At first, everyone spread out, poking around different corners of the beach. Fowler crouched down near a row of sandstone rocks near to the boat, tapping the edges with his hammer.
“Sometimes, they break right in the right spot and there’s something phenomenal in there. Sometimes, it’s just like this,” Fowler said as two pieces fall apart, revealing nothing, “but you can see all the different layers and when you look, you know the whole floor here would have been just covered in forest debris just like in the forest over there. And here we are, finding it all very interesting.”
Further down the beach, the sandstone flaked off like paper, coated in black splotches that represented really old plant material, but the goal was to find something sturdier and better defined. At one point, everyone congregated around this one slab. The corner of a leaf was sticking out from between two layers.
Fowler and Carson Strassman worked to make a clean break, with Dave Strassman standing over them and cheering, “what do we got? What do we got boys? Look at that! It’s a forest floor! Look at that. Holy schmagoli.”
It is legal to collect roughly 10 pounds of plant or invertebrate fossils in National Forests. This story does not include any of the names of locations because scientists and enthusiasts want to make sure that some of these fossils stay where they are.
Researchers a few years ago cut out a giant palm leaf that is part of a new Smithsonian exhibition. The island they visited on the second day is where scientists found a fully intact fossil of a marine reptile called a thallatosaur. It is also where they stood around the campfire, a little humbled after not finding the 250 million-year-old Triassic fossils that Troll knew were somewhere nearby. He seemed to have almost as much fun imagining the world that created them.
“These rocks were actually part of an island chain and maybe even a subcontinent that was way over by Australia or Hawaii and beyond at least,” Troll said. “They were on a conveyor belt across the ancient Pacific Ocean that has come up against North America and gone under North America and there are shards that split off and oozed to the side, and that’s what this stuff is right here.”
He said, each of the shards they visited showed up at different points in Earth’s history.
“You know it just drives home this idea of a dynamic, changing planet with a deep, deep history that will just blow your mind, and you begin to look at this landscape and it almost melts before your eyes,” Troll said.
Of course, this history is still unfolding. Troll and his friend Fowler disagree on some of the politics around climate change, although both agree that it is happening.

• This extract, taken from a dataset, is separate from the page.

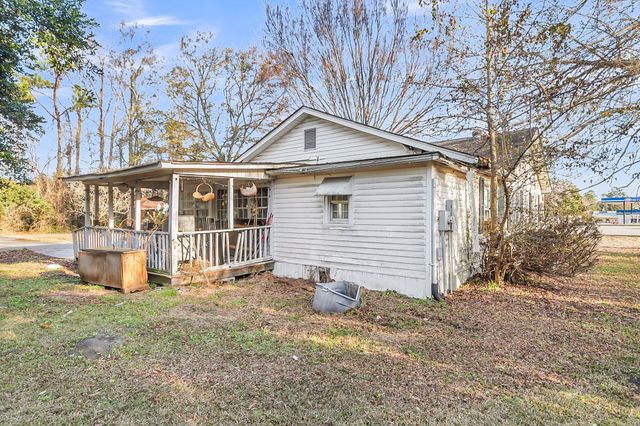 3934 Brynes Drive, Saint Stephen, SC 29479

“We have begun to understand that big things can happen on this planet and we are all sensing that the world is changing,” Troll said. “And Tom’s looking at me with – he’s raising his eyebrows…”
“I totally believe in change,” Fowler said.
“…we know that the world is changing rapidly right now. The weather systems are changing. We’re trying to understand it,” Troll said. “And the only way to know, really, is to collect all the data that you can, and there’s a lot of the data that we’re standing on right here, right now.”
The next day, they took the fossil-fueled boat to a different island, and found the remnants of animals that existed on the other side of the Permian – Triassic extinction, which scientists consider to be the largest in Earth’s history.
Ray Troll is part-author of a book about the geologic history of the West Coast from Baja California to Alaska called Cruising the Fossil Coastline, which comes out in September.